Robbed off of Innocence
I was marooned in a glass room, suspended in the midst of nowhere and probably a place nestling away in my stupor, where the chilly air had enveloped my skin throughout and penetrated through my scalp and my fingers clasped tightly around the photo album I had found which narrated stories from days of blissful and innocent past. I was forlorn. I was trapped inside a giant globule of reminiscence of my childhood, where I had not known what was right and what was wrong and where each passing minute was filled with strolling by the parks or down the corridors in houses filled with tension or otherwise, with equanimous gait. I wanted it all back. I wished for a release out of this mortal sadness and happiness and drift away like the florets of a dandelion carrying with it nothing but innocence.

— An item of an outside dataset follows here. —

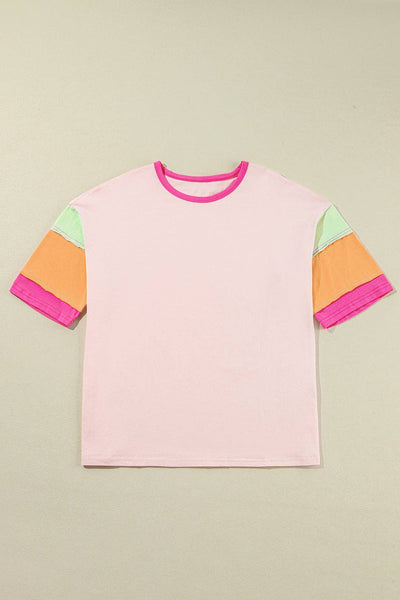 Colorblock 3/4 Sleeve Oversize Top: Pink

I seemed to like this grasp in my own prison where I found all but a quaint peace with the photo album in my hands. I flipped the pages and saw snippets of my childhood pass in front of my eyes. I wished deeply for had I understood what the reality meant at the time when I was blithe as a lark, I would’ve cherished the innocence that I was entitled to, but gave it away to pure malice as I grew and all that remained was tar. No preservations could have kept it for long. No compelling restrictions over its expiry would make any difference for it to disappear. All that remained is tar and my heart felt like a stone trying to force blood from its crevices and my breathing turned haggard because I was tired. I was tired of all the malice.

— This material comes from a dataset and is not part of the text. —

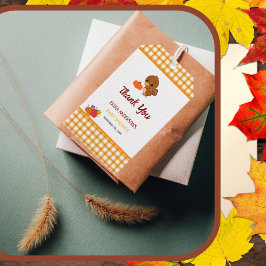 Een beetje Turkije Herfst Thanksgiving Dank u wel Cadeaulabel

The, suddenly something jolted me from my firm position, my body succumbed to the coldness fought the ague, I was shook hard and I stared aghast at the cracks forming before my eyes on the walls of the glass room. The photo album in my hand began disintegrating and I wailed aloud because I wanted to let go of everything along with it. My head hit the wall hard and as I held my head with my eyes shut tight and moaning with the throbbing pain, I opened my eyes finding myself in a room, where the walls were whitewashed and the table fan oscillated lazily, blowing wind on my face and on my grandmother, who sat next to me with a bemused expression, wondering what had happened to my head that I still held on to it so tight.
I woke up heaving a sigh of relief, because albeit the serenity the photo album had given me in the dream, I knew I had lost all the childlike perspective I once had and that had once made many grown men and women smile or grimace. I had to live up to my youth and make memories like no other, so I could look back and still know that I still had great amounts of innocence even yesterday and the day before and I never noticed it.
This is one of life’s greatest gifts to us. We make memories. We lose our precious qualities that we inherited from the unknown. We grow. We change. This change is an everlasting constant. All we can do now is look back and smile because we never missed out on anything great. The quality of innocence. The very existence of it that had embellished our bodies, we never missed out on experiencing that.
For that I am grateful.
For that was life’s greatest gift to me.